Part 4: Identitätssuche in der Jugend

Besonders während seiner Jugend, die Asche in Bochum verbracht habe, habe er sich immer extremer mit der eigenen Identitätsfindung konfrontiert gesehen. „Wenn mich da jemand gefragt hat, was für’n Landsmann ich sei, hab‘ ich gesagt: ‚Setz dich hin, hast du ’ne halbe Stunde Zeit?'“. Er habe früh gemerkt, dass besonders die Tschetschenen, die er in seiner Jugend kennenlernte, stets hinter ihm gestanden hätten. Identifikation und Zugehörigkeitsgefühl zur gleichen Gruppe entstanden vor allem durch einen gemeinsamen Erlebnis- und Erfahrungshorizont. „Eltern erzählten uns von Kriegsverbrechen, Genoziden, wir teilten alle dasselbe Leid in den Lebenslinien. Um die eigenen familiären Kriegserfahrungen zu verarbeiten, habe Asche dann begonnen, das Thema des Tschetschenienkriegs in seiner Musik zu verarbeiten. „Unsere Vergangenheit schaffte uns Sensibilität, weil man den Schmerz fühlt, auch wenn man ihn selber nicht erlebt“, erklärt er diesen Entschluss.

 

Part 5: Abrechnung mit Mois

Nachdem Asche schon in den letzten Zeilen des vierten Parts damit begonnen hat, gegen Mois zu schießen, setzt er diese Linie im fünften Part von „HIStory“ fort. „Dich Fotze frisst der Neid auf, weil Asche Action macht, du warst nie ein Rapper, du bleibt ein Reaction-Spast, versucht er Mois Motiv zu entlarven, der vergangene Woche die sensiblen Informationen über Asches angeblich erfundene Lebensgeschichte publik gemacht hatte. „Du verwickelst dich doch selbst in Widerspruch nach Widerspruch. Komm, halt die Fresse wie die Drähte nach deinem Kieferbruch“: Wie Asche erklärt, habe ihm Mois mit der Veröffentlichung des besagten Videos gedroht und versucht, eine Geldsumme in Höhe von 100.000€ zu erpressen.

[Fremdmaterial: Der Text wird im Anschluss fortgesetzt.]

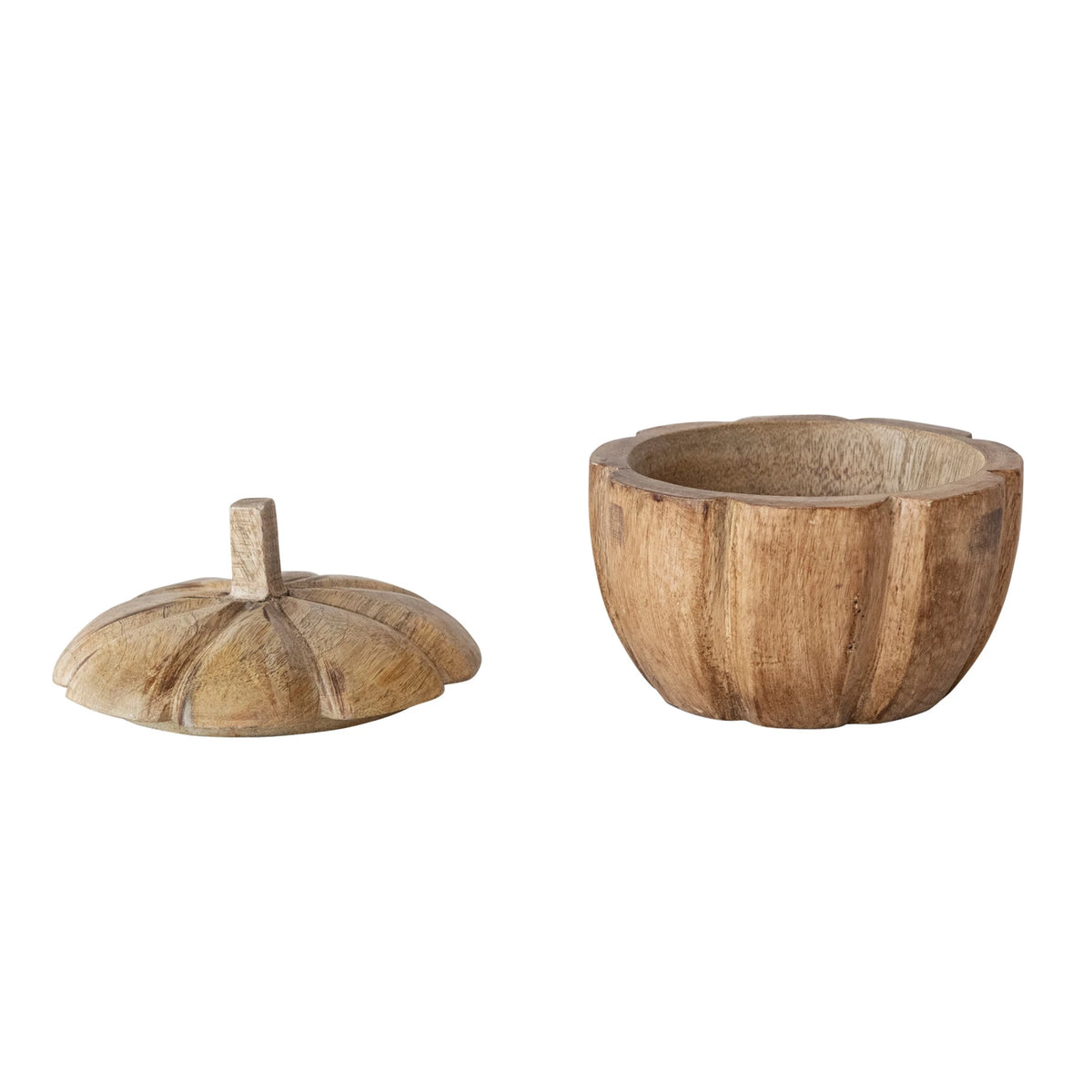 Wood Pumpkin Container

Mois sei in seinen Augen der „König der Ratten“, „der größte Heuchler Deutschlands“ und nicht mehr als ein „Stammbaumforscher“ und ein „Fanboy“„Du wärst gerne ich, doch bleibst nur eine Aschokobar-Kopie.“

 

Part 6: „Mit der Fassade ist jetzt Schluss“

Im sechsten und letzten Part von „HIStory“ wendet sich Asche an seine Zuhörerschaft und schlägt versöhnlichere Töne an. Erneut begibt er sich in eine erklärende Position: „Scheiß auf Spaltung wegen Rasse, fick die neidischen Wichser, wir sind alles Ostblockkinder mit gemeinsamem Schicksal. Unsere Großeltern haben alle die Massaker erlebt. Scheiß auf Grenzen im Kopf, es ist Charakter, was zählt. Asche habe vorgehabt, seine angeblich komplizierte Herkunftsgeschichte schrittweise zu erklären und öffentlich zu machen, gibt aber auch zu, ein „bisschen geflunkert“ zu haben. Damit sei jetzt Schluss. „Am Ende zählt die menschliche Würde. Hallo Deutschland, schön, dass wir uns kennenlerne‘ dürfen. Ich bin Christoph (Amir), ich bin Israil, ich bin HipHop, das ist HIStory, schließt er seine „musikalische Stellungnahme“ schließlich ab. Das Video enthält zum Abschluss folgende Einblendung: „Alle Einnahmen des Songs werden an tschetschenische Familien von Kriegsopfern gespendet.“

Produziert wurde „HIStory“ von JohnnyIllstrument, Fade und Asche selbst. Doch auch nach Release des 20-minütigen Tracks  bleiben einige Fragen weiter offen. Dazu zählt zum Beispiel die Frage nach Asches tatsächlichem Alter, zu der er auf dem Track keine Angaben macht.